A Night in Lisbon by Erich Maria Remarque -1961- translated from The German by Ralph Manheim - 1964
This is my 10th year participating in German Literature Month.
Through this I have encountered numerous great writers. One of themes in a Night in Lisbon by Erich Maria Remarque is how could the culture that produced great art, literature and lasting philosophical classics have also given rise to the Holocaust.
During German Literature Month in November of 2013 I posted on All Quiet on The Western Front by Erich Maria Remarque, his masterful account of trench warfare during World War One. On the cover of my copy of All Quiet on the Western Front it is said to be greatest war novel of all time. I have not read enough war novels to dispute or verify this claim but I think the foot soldiers in The Iliad would see little has changed in four thousand or so years. This is a great novel and it well might be the best war novel ever written. It is told in the first person by a twenty year old German WW I private. I admit part of the power of the book for me was the way it forced me to see the Germans soldiers in a sympathetic way. My ancestors fought against the Germans twice in the Twentieth Century. My uncle, for whom I was named, died at 23 in WWII
Now eight years later I just completed his account of a refugee from concentration camps in German stuck in Lisbon while he tries to secure passage for his wife and himself on a ship bound for America. It is a nightmarish enviorment in which no one can be trusted. Their lives depend on securing the required paper work.

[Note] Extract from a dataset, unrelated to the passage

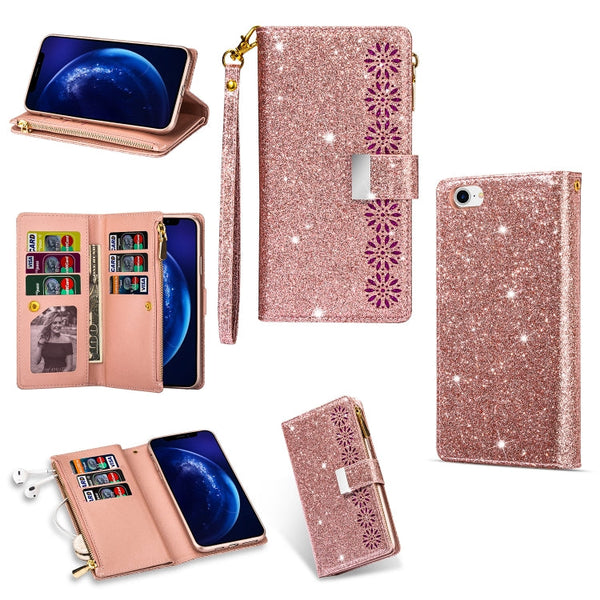 Multi-card Slots Starry Sky Laser Carving Glitter Zipper Horizontal Flip Leather Case with Holder & Wallet & Lanyard, For iPhone XR, For iPhone X / XS, For iPhone 8 Plus / 7 Plus, For iPhone SE 2022 / SE 2020 / 8 / 7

This is a powerful work, very profoundly evoking the horrors of the narrator’s situation. I have been under lock down in Metro Manila since March 15, 2020. I do not at all suffer materially but at times I find it oppressive. I think A Night in Lisbon great a work of art as it is, was not a good choice for me.
2 comments:
This one sounds good! Adding it to my TBR if it's not already on it. lol
Jinger, thanks for stopping by. I entered a request to follow you my e mail.